The remarkable progress made by the Ome forestry since the biginning of the modern times was due to the appearance of the Yedo market. Moreover, the fact that the Ome forestry could secure its position not only concerning the timber going down to Yedo but also concerning the timber for local consumption which could be sent by rafts, owed much to the River Tama, the shortest waterway between Ome and Yedo. In turning the water course to good account, the following three conditions contributed much, making the forestry economically profitable:
(1) the advantageous equipments and conventions for the rafts in passing through dams and sluices.
(2) the evolution in the technics of making and managing the rafts.
(3) the well-organized labour system such as cutting, carrying and transporting in floats.
The present article is the first report of my survey in the item (1) and (2) mentioned above.
(1) Among the dams and sluices in Ome dristrict, the Hamura Dam was for taking in the drinking water for the people of Yedo and was under the control of the authorities. They levied enough money for compensation. But as for the rest of the dams and sluices, which were private ones, they were not given enough reparations. The lumbering middlemen called “ikada-shi” paid money properly to the office of the association of them, while the association paid money to the private dams and sluices less than the half that had been agreed. A datum concerning the carrying down timber out of the Tabayama mountains in 1855, shows the details of the accounting as follows:
the cost of timber ……… 5.9%
expense for cutting woods ……… 16.5%
business tax ……… 1.0%
expense for carrying woods from the mountain to the ‘doba’ where the timber was made into rafts … 60.9%
expense for transportation ……… 15.5% Investigating the datum, I must conclude that the labour wager were too high, and this was made possible at the expense of the compensation and the cheap price of timber.

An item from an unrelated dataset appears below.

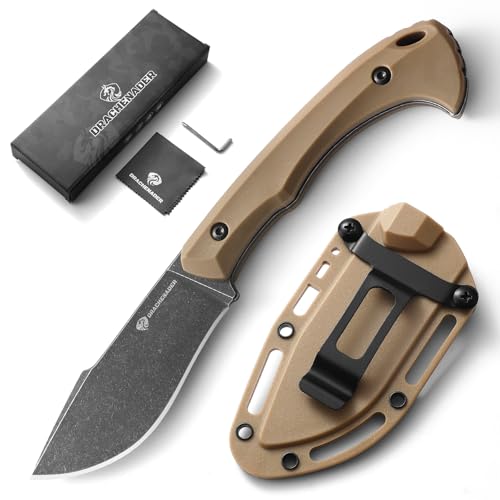 DRACHENADER L-Y Cuchillo De Caza, 8, 8 cm De Acero 5cr13mov, Espiga Completa, Pequeño Cuchillo Al Aire Libre,Blackwash-Finish Cuchillo- Mango Color Khaki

(2) In the expense for the transportation (15.8%), the money for compensation occupied only 1.0%, and the rest was the income of “ikada-shi” who employed reftsmen called “ikada-nori”, In the cost of the timber the wages occupied 92%. The high wages for the lumbering did not always mean much to the villagers, but they had little means other than that to get cash in the mountain life depending on the smallscaled agriculture. The high wages sucked up the agricultural labour from the village and this also caused the migration of labourers from the more advanced forestry districts such as Hida and Kiso. The migrators brought with them tecnics of high level, which the the native forest labourers soon learned. They began to make larger rafts and manage better and by saving up labour greatly increased the number of the rafts.
Thus in the development of the Ome forestry, the high wages, which were brought about by the sacrifice of the compensation and the cheap price of timber, attracted the forest labourers from the agricultural part of the districts and from other forestry districts technically more advanced, bringing about the prosperity of the Ome forestry.